Barry v. Traux

Citation99 N.W. 769,13 N.D. 131
Decision Date21 May 1904
CourtNorth Dakota Supreme Court

Certiorari by William Barry against John E. Traux, clerk of the District Court for the county of Cavalier, to review an order granting a change of venue in a prosecution of plaintiff for murder. Writ denied.

Writ quashed.

Joseph Cleary and Morrill & Engerud, for plaintiff.

The right of trial by jury as guaranteed by the constitution is that recognized by the usage of the common law. Debates Constitutional Convention N.D., pp. 361, 362. State v Bates, 43 L. R. A. 33 and notes; Harris v People, 128 Ill. 585, 21 N.E. 563; Lommen v Minneapolis & C. Co., 65 Minn. 196; Sovereign v. State, 4 Ohio St. 489; Clark v. Utica, 18 Barb. 451, 29 Am. Dec. 671; Watt v. People, 1 L. R. A. 403.

The elements of the common law right to a jury trial were, twelve lawful men, a unanimous verdict, a panel composed of men from the county where the offense was committed, and the right of challenge.

The term country side meant the neighbors, and eventually the county. 2 Pollock & Mairland's History of English Law, 621; 1 Chitty Crim. Law, 177; 3 Reeve's Eng. Law, 476.

The jury must be summoned from the vicinage where the crime is supposed to have been committed. Cooley on Constitutional Law (5th Ed.) 390; Bacon's Abr. "Juries," 308.

"Jury trial," "trial by jury of the vicinage," "trial by jury of the county or district" are synonymous terms. Watt v. People, 1 L. R. A. 403; Swart v. Kimball, 5 N.W. 635; Steamboat Co. v. Foster, 48 Am. Dec. 258; 12 Pl. & Pr., 289 and notes.

Where there is a constitutional guaranty of jury trial, the legislature cannot take away any of its attributes. 4 Enc. of Pl. & Pr. 378 and notes. Among these is a trial by a jury of the county; and the legislature cannot authorize a change of venue by the state. People v. Powell, 11 L. R. A. 75; State v. Knapp, 19 P. 728; Wheeler v. State, 24 Wis. 52; State v. Denton, 6 Cold (Tenn.) 539; Dongun v. State, 30 Ark. 41; Bramlett v. State, 31 Ala. 376; Ex parte v. River, 40 Ala. 712; State v. Arrison, Ohio, 20 Cin. Law Bulletin; State v. Albre, 61 N.H. 423, 60 Am. Rep. 325.

It make no difference that some constitutions contain the words "county or district;" they merely express in words what the term criminal jury trial implies. See Watt v. People, 1 L. R. A. 403; Swart v. Kimball, 5 N.W. 635.

"Vicinage," at the common law meant "the county." 1 Stubb's Constitutional History, 664; 1 Taylor's Origin & Growth of English Constitution, pp. 314-333.

Where a crime is committed near the county line, it is often provided that trial may be had in either county on the principle that it does not deprive the defendant in a material degree of the benefits of a trial in the vicinage. State v. McCarty, 39 N.E. 1041; State v. Lowe, 45 Am.

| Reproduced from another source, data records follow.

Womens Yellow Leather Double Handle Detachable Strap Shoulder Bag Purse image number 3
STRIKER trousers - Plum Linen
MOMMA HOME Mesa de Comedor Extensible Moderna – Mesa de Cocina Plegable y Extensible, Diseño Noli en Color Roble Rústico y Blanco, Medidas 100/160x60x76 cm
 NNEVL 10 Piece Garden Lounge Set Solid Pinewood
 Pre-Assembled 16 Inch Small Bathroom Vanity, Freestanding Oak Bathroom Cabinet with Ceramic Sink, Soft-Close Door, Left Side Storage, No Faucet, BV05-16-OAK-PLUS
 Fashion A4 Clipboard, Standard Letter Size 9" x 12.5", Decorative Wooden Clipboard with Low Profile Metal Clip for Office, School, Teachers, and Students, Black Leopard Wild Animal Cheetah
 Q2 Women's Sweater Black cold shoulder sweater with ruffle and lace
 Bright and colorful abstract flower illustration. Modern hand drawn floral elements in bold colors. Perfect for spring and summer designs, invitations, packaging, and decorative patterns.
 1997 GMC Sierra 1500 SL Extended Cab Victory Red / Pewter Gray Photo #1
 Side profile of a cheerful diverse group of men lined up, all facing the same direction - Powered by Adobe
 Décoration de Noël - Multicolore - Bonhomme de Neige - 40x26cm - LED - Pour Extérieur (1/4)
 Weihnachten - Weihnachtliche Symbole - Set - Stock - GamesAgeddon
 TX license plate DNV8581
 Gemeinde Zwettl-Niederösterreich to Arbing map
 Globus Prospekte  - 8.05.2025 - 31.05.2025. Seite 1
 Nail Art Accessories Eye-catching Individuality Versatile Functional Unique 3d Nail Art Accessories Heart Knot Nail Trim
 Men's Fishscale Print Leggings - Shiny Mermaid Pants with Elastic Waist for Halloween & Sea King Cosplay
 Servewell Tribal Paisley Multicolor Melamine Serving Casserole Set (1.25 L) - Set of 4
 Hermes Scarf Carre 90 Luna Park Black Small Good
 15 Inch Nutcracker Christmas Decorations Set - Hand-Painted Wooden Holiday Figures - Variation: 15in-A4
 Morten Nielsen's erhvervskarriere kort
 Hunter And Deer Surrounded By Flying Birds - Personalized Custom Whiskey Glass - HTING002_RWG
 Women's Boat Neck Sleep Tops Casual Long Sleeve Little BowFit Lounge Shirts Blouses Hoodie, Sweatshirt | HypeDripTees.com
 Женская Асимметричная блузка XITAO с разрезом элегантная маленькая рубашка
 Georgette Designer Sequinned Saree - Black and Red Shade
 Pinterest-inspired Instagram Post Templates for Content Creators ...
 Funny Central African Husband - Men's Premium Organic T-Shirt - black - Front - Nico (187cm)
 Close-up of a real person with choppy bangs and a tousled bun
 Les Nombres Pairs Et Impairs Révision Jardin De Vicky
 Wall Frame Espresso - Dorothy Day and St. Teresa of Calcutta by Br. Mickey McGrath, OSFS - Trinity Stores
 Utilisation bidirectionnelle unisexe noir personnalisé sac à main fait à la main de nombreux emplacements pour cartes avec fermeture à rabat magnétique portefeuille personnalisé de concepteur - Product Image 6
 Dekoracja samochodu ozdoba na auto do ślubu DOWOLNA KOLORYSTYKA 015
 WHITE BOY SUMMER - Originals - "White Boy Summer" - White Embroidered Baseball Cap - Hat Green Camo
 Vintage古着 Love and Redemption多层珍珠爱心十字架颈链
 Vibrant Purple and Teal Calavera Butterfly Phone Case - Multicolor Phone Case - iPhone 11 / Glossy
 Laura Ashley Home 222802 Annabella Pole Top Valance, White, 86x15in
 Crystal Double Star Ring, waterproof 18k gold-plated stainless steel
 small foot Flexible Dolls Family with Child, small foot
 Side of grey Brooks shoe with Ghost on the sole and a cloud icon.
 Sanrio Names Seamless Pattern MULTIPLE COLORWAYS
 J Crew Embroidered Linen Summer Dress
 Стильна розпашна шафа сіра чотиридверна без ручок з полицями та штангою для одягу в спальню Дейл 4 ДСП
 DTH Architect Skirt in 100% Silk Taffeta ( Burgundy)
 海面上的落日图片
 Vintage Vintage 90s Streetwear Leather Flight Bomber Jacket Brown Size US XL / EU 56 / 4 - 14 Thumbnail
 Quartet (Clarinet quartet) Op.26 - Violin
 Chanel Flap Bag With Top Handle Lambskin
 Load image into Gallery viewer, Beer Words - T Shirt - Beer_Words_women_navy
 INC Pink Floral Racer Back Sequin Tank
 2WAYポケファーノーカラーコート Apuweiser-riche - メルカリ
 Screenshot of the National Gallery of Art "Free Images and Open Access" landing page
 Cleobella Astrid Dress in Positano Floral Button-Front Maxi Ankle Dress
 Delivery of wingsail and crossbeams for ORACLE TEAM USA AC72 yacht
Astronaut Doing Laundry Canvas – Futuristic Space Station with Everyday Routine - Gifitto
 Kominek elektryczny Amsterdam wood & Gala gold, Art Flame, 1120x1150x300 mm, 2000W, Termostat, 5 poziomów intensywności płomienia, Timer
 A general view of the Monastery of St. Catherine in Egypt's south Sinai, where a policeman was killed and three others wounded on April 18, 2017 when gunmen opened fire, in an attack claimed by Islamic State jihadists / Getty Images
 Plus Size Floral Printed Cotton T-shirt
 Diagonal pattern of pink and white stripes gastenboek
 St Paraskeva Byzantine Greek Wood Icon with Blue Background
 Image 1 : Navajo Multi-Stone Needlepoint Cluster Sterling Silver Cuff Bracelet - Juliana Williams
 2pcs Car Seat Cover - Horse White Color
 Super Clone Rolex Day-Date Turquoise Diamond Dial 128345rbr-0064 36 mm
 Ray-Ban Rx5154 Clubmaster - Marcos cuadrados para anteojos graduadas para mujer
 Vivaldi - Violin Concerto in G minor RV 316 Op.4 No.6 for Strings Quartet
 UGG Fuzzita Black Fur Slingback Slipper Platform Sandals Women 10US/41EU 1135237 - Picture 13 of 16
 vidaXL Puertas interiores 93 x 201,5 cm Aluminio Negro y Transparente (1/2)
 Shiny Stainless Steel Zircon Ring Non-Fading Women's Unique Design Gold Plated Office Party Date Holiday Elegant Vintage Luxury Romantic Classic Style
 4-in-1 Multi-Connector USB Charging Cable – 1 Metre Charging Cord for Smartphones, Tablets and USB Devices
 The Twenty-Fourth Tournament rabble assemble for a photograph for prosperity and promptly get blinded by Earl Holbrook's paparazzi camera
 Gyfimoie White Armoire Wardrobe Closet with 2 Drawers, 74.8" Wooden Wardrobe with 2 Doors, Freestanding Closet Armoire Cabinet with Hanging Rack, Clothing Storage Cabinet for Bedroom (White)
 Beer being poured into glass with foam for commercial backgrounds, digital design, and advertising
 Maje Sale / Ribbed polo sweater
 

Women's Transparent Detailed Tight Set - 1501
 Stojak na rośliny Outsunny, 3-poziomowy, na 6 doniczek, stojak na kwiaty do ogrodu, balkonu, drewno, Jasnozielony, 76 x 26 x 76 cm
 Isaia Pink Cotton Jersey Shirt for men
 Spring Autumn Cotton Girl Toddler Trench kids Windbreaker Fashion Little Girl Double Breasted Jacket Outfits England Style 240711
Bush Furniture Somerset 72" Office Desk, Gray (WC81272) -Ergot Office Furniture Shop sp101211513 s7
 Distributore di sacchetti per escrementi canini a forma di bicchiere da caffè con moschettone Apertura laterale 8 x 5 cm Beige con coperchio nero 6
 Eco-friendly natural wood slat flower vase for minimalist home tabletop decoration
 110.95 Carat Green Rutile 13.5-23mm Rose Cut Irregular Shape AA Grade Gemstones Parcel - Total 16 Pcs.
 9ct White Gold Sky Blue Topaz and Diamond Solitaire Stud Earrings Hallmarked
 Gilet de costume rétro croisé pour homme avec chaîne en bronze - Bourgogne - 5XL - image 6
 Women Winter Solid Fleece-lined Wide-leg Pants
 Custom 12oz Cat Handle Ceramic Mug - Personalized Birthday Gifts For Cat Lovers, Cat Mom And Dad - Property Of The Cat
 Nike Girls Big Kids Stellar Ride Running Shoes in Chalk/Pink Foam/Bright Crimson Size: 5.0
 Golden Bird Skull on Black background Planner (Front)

Rep. 570. While this has in some cases been held unconstitutional, we do not think a case can be found where the state is allowed a change of venue to a distant county.

Geo. M. Price and E. R. Sinkler, for defendant.

The constitutional provision involved is "the right of trial by jury shall be secured to all and remain inviolate, but a jury in civil cases in courts not of record may consist of less than twelve men, as may be prescribed by law." Sec. 7, Const. N.D. We first call attention to decisions of various states upon similar constitutions, and those more restrictive than the constitution of North Dakota.

In Minnesota the constitution contains the provision with the words "within the county or district wherein the crime shall have been committed," added to the usual provision. Notwithstanding this, that state has three times held that the right to try a defendant outside of the county where the crime was committed was constitutional. State v. Cut, 13 Minn. 341; State v. Robinson. 13 Minn. 453; State v. Miller, 15 Minn. 344.

The Iowa constitution has the usual clause without express restriction as to county or district. There a statute, providing that where a public offense is committed on the boundary of two or more counties or within five hundred yards thereof, the jurisdiction shall be in either county, was constitutional.

In Michigan, the constitution provides for trial by jury, and guarantees the right of such trial shall be inviolate, yet a statute providing for a change from one county to another at the instance of either party is unconstitutional. People v. Pittman, 52 N.W. 1039; People v. Furman, 61 N.W. 865; People v. Grossman, 61 N.W. 867.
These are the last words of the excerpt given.